Now you're just making stuff up. According to this http://www.thefreelibrary.com/Mt.+Pinatubo's+cloud+shades+global+climate.-a012467057 , there were 20 million tons of SO2 ejected into the atmosphere. The number of cars in the world is about 800 million cars on the road http://en.wikipedia.org/wiki/Automobile, mass about 1.5 tons, so we're ahead on those alone. Even if we're generous, and include the "10 billion metric tonnes (10 cubic kilometres) of magma" in Pinatubo (most of which is not relevant for the current discussion), I haven't started counting the trucks and trains and the 300 000 tons super tankers, all the smaller ships, the roads and the railways, etc... We'll reach 10 billion tons long before we have to start counting the largest mass in human artifacts: the buildings.
Here http://pubs.usgs.gov/fs/1997/fs113-97/ they say, the Pinatubo ejected 5 cubic kilometers of ash into the air.
1 tone of (combustible) artifacts per every person in on Earth - went up in smoke - would be the same mass. A very unrealistic assertion - but still nothing like "decade of nuclear winter".

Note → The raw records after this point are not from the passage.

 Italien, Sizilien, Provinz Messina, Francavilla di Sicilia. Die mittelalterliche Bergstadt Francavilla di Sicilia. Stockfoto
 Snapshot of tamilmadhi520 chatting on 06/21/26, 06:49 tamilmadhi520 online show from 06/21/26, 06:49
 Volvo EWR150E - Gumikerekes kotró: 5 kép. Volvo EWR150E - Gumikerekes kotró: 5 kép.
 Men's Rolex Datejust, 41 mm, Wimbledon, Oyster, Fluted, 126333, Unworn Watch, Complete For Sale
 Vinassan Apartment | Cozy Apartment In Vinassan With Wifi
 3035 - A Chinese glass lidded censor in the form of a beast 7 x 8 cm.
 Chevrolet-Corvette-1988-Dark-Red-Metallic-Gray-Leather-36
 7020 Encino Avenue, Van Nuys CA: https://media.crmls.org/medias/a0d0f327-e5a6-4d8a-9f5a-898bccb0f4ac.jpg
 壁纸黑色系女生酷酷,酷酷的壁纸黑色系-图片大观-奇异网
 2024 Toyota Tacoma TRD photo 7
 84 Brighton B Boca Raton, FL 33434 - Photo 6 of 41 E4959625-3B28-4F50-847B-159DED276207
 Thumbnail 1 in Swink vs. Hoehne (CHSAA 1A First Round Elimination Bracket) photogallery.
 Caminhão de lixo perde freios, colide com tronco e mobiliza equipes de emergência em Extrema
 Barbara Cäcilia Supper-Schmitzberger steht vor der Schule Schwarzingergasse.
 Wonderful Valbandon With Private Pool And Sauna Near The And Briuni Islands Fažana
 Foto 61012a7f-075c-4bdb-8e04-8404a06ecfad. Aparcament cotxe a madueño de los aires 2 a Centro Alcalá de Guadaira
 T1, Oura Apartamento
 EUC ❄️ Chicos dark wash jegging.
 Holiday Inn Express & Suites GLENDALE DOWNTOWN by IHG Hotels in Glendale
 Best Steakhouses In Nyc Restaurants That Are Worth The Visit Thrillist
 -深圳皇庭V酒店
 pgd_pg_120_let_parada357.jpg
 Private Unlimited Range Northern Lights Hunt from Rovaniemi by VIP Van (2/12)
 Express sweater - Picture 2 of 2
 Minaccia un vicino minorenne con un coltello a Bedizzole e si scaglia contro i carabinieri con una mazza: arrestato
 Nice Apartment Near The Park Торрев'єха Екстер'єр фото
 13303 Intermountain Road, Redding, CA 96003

Just a reminder that some of the old threats are still around (and hence that AI is not only something that can go hideously badly, but also some thing that could help us with the other existential risks as well):
http://blog.practicalethics.ox.ac.uk/2012/03/old-threats-never-die-they-fade-away-from-our-minds-nuclear-winter/
EDIT: as should have been made clear in that post (but wasn't!), the existential risks doesn't come from the full fledged nuclear winter directly, but from the collapse of human society and fragmentation of the species into small, vulnerable subgroups, with no guarantee that they'd survive or ever climb back to a technological society.